According to an embodiment of another aspect, a relevance ranking apparatus is provided. The relevance ranking means described above may be deployed in any device, platform or cluster of devices having computing, processing capabilities.
FIG. 5 shows a schematic block diagram of a relevance ranking apparatus according to one embodiment. As shown in fig. 5, the relevance ranking apparatus 500 may include: a second acquisition unit 501 configured to acquire a target object and a plurality of candidate contents; a second input unit 502 configured to input the target object and the plurality of candidate contents into a correlation analysis model, and obtain a plurality of prediction scores of correlations between the target object and the plurality of candidate contents; wherein, the correlation analysis model is trained according to the method described in fig. 2; and a ranking unit 503 configured to determine ranking results of the plurality of candidate contents according to the plurality of prediction scores.
In some optional implementations of this embodiment, the apparatus 500 further includes: a recall unit (not shown) configured to recall a plurality of candidate contents from the plurality of candidate contents as recommendation results according to the sorting result.
According to an embodiment of another aspect, there is also provided a computer-readable storage medium having stored thereon a computer program which, when executed in a computer, causes the computer to perform the method described in fig. 2 or fig. 3.

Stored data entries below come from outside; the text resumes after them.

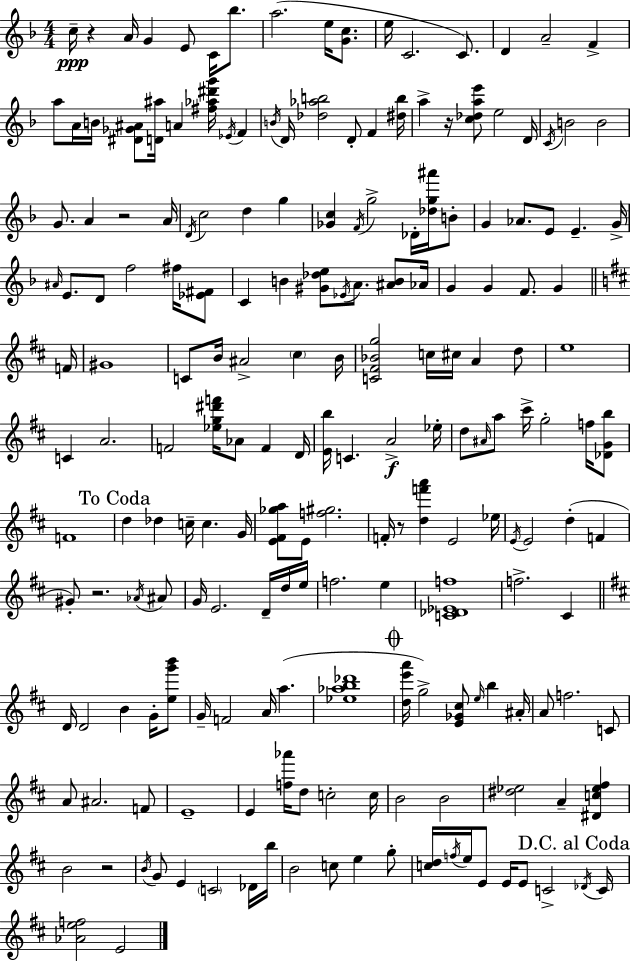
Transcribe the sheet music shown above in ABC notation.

X:1
T:Untitled
M:4/4
L:1/4
K:F
c/4 z A/4 G E/2 C/4 _b/2 a2 e/4 [Gc]/2 e/4 C2 C/2 D A2 F a/2 A/4 B/4 [^D_G^A]/2 [D^a]/4 A [^f_a^d'g']/4 _E/4 F B/4 D/4 [_d_ab]2 D/2 F [^db]/4 a z/4 [c_dae']/2 e2 D/4 C/4 B2 B2 G/2 A z2 A/4 D/4 c2 d g [_Gc] F/4 g2 _D/4 [_dg^a']/4 B/2 G _A/2 E/2 E G/4 ^A/4 E/2 D/2 f2 ^f/4 [_E^F]/2 C B [^G_de]/2 _E/4 A/2 [^AB]/2 _A/4 G G F/2 G F/4 ^G4 C/2 B/4 ^A2 ^c B/4 [C^F_Bg]2 c/4 ^c/4 A d/2 e4 C A2 F2 [_eg^d'f']/4 _A/2 F D/4 [Eb]/4 C A2 _e/4 d/2 ^A/4 a/2 ^c'/4 g2 f/4 [_DGb]/2 F4 d _d c/4 c G/4 [E^F_ga]/2 E/2 [f^g]2 F/4 z/2 [df'a'] E2 _e/4 E/4 E2 d F ^G/2 z2 _A/4 ^A/2 G/4 E2 D/4 d/4 e/4 f2 e [C_D_Ef]4 f2 ^C D/4 D2 B G/4 [eg'b']/2 G/4 F2 A/4 a [_e_ab_d']4 [de'a']/4 g2 [E_G^c]/2 e/4 b ^A/4 A/2 f2 C/2 A/2 ^A2 F/2 E4 E [f_a']/4 d/2 c2 c/4 B2 B2 [^d_e]2 A [^Dc_e^f] B2 z2 B/4 G/2 E C2 _D/4 b/4 B2 c/2 e g/2 [cd]/4 f/4 e/4 E/2 E/4 E/2 C2 _D/4 C/4 [_Aef]2 E2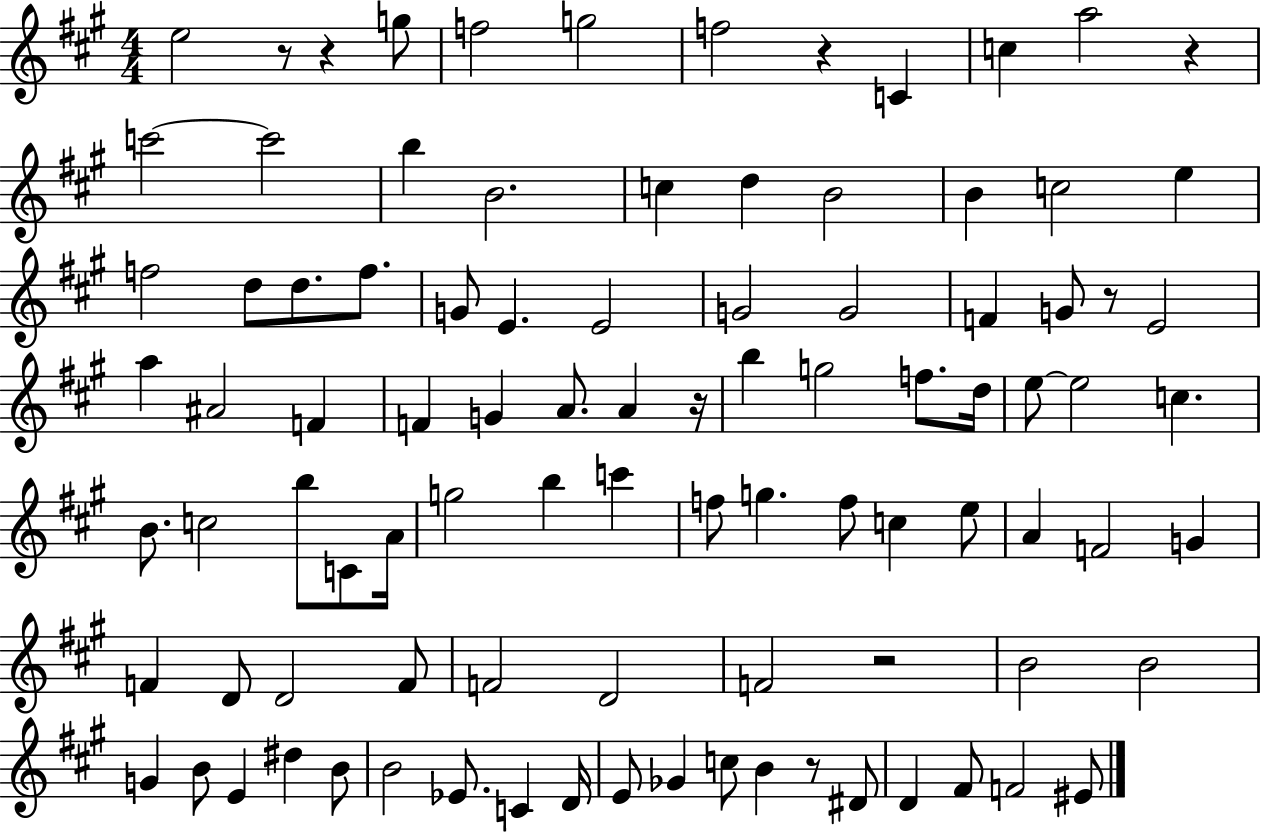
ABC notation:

X:1
T:Untitled
M:4/4
L:1/4
K:A
e2 z/2 z g/2 f2 g2 f2 z C c a2 z c'2 c'2 b B2 c d B2 B c2 e f2 d/2 d/2 f/2 G/2 E E2 G2 G2 F G/2 z/2 E2 a ^A2 F F G A/2 A z/4 b g2 f/2 d/4 e/2 e2 c B/2 c2 b/2 C/2 A/4 g2 b c' f/2 g f/2 c e/2 A F2 G F D/2 D2 F/2 F2 D2 F2 z2 B2 B2 G B/2 E ^d B/2 B2 _E/2 C D/4 E/2 _G c/2 B z/2 ^D/2 D ^F/2 F2 ^E/2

According to an embodiment of a further aspect, there is also provided a computing device including a memory and a processor, wherein the memory stores executable code, and the processor, when executing the executable code, implements the method described in fig. 2 or fig. 3.
Those of ordinary skill would further appreciate that the elements and algorithm steps of the examples described in connection with the embodiments disclosed herein may be embodied in electronic hardware, in computer software, or in a combination of the two, and that the elements and steps of the examples have been generally described in terms of function in the foregoing description to clearly illustrate the interchangeability of hardware and software. Whether such functionality is implemented as hardware or software depends upon the particular application and design constraints imposed on the solution. Those of ordinary skill in the art may implement the described functionality using different approaches for each particular application, but such implementation is not to be considered as beyond the scope of the present application.
The steps of a method or algorithm described in connection with the embodiments disclosed herein may be embodied in hardware, in a software module executed by a processor, or in a combination of the two. The software modules may be disposed in Random Access Memory (RAM), memory, read Only Memory (ROM), electrically programmable ROM, electrically erasable programmable ROM, registers, hard disk, a removable disk, a CD-ROM, or any other form of storage medium known in the art.
While the foregoing embodiments have been described in some detail for purposes of clarity of understanding, it will be appreciated that the invention is not limited to the details of construction and the embodiments described above, but is intended to cover various modifications, equivalents, improvements and changes within the spirit and principles of the invention.

Claims (22)

1. A method of training a correlation analysis model, comprising:
acquiring sample data, wherein the sample data comprises a sample object, a plurality of contents to be matched and a plurality of correlation labels between the sample object and the plurality of contents;
inputting the sample object and the plurality of contents into a correlation analysis model to obtain a plurality of prediction scores of correlation between the sample object and the plurality of contents;
smoothing the plurality of prediction scores to obtain a plurality of processing scores;
determining a correlation coefficient between the plurality of processing scores and a plurality of correlation labels as a predictive loss;
and adjusting model parameters of the correlation analysis model with the aim of minimizing the prediction loss.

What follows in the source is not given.